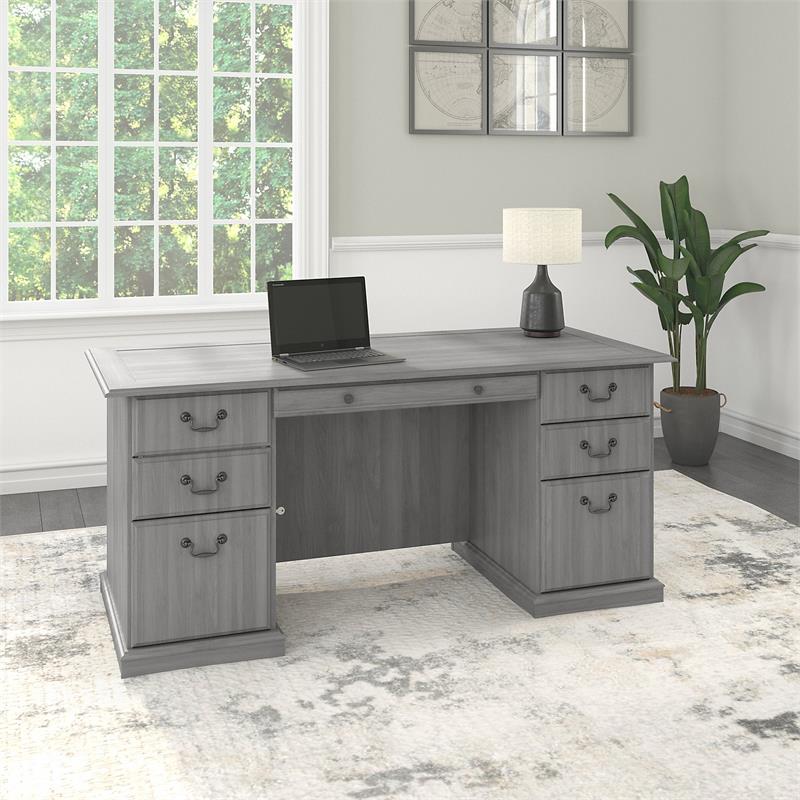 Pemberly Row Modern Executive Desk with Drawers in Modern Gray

--

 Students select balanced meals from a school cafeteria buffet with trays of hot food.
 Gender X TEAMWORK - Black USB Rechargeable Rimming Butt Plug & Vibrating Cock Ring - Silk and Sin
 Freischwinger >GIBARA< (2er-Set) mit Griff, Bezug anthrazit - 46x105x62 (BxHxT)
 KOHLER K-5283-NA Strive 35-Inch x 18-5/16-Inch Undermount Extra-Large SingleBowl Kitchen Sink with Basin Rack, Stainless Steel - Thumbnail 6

EXERCISE OBJECTIVE —
The output should be exactly the lines above from the line containing "Gender X TEAMWORK" to the line containing "KOHLER K-5283-NA Strive", inclusive, with no other lines.

RESPONSE BOX —
 Gender X TEAMWORK - Black USB Rechargeable Rimming Butt Plug & Vibrating Cock Ring - Silk and Sin
 Freischwinger >GIBARA< (2er-Set) mit Griff, Bezug anthrazit - 46x105x62 (BxHxT)
 KOHLER K-5283-NA Strive 35-Inch x 18-5/16-Inch Undermount Extra-Large SingleBowl Kitchen Sink with Basin Rack, Stainless Steel - Thumbnail 6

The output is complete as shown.